De diversiteit van hersenveranderingen bij psychische aandoeningen beter begrepen

Mensen met aandoeningen zoals depressie, autisme of schizofrenie blijken zeer uiteenlopende veranderingen in de hersenen te hebben, blijkt uit onderzoek van het Radboudumc en Monash University. Het onderzoek, gepubliceerd in Nature Neuroscience (https://www.nature.com/articles/s41593-023-01404-6), bracht die veranderingen in kaart bij bijna 1300 mensen gediagnosticeerd met zes verschillende soorten psychische aandoeningen. Deze nieuwe benadering kan uiteindelijk leiden tot een meer specifieke behandeling van patiënten.

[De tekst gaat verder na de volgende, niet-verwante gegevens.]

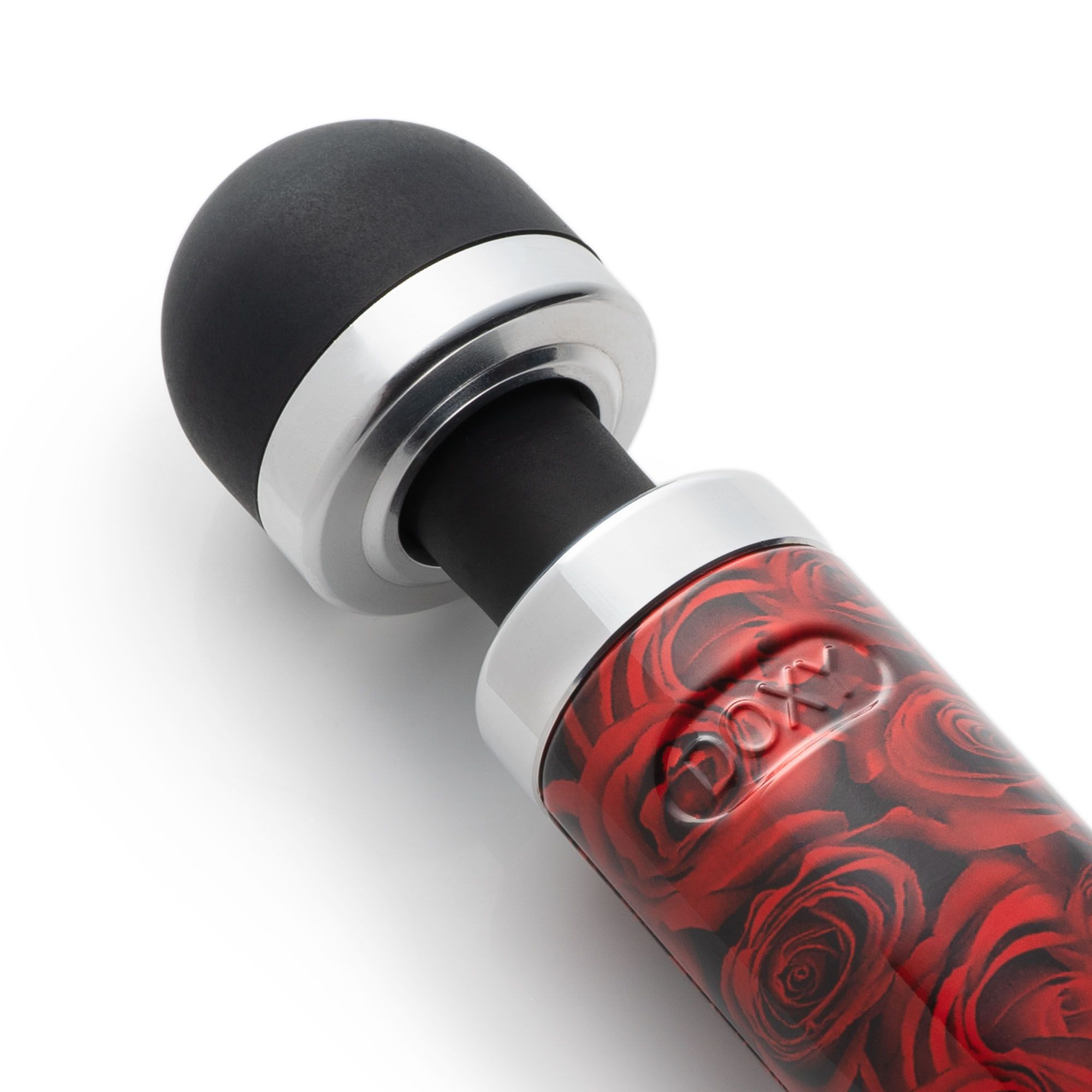Doxy - Die Cast 3R Oplaadbare Wand Massager Rose Pattern - Afbeelding 3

Mentale aandoeningen zoals depressie, schizofrenie of autisme hebben allemaal een eigen kenmerkende neurologische vingerafdruk. Anders gezegd: de hersenen van mensen met bijvoorbeeld depressie, schizofrenie of autisme functioneren anders en dat zie je terug in verschillen in de vorm en grootte van de hersenen. De afgelopen decennia hebben hersenonderzoekers de verschillende vorm en grootte van de hersenen voor diverse aandoeningen in beeld gebracht. Dit waren verschillen op basis van grote groepen patiënten met dezelfde aandoening. 
Zo’n aanpak heeft ook nadelen. Zo’n groepsgemiddelde, zo’n algemeen hersenbeeld dat bijvoorbeeld kenmerkend is voor schizofrenie of ADHD, zegt namelijk weinig tot niets over de hersenen van een individuele patiënt. Als de gemiddelde Nederlander bijvoorbeeld 1.80 meter lang is, zegt dat niets over de exacte lengte van mij, mijn buurman of tenniscoach. Een groepsgemiddelde is niet representatief voor individuele gevallen. Dat geldt ook voor het algemene hersenpatroon van mensen met ADHD, depressie of een bipolaire stoornis.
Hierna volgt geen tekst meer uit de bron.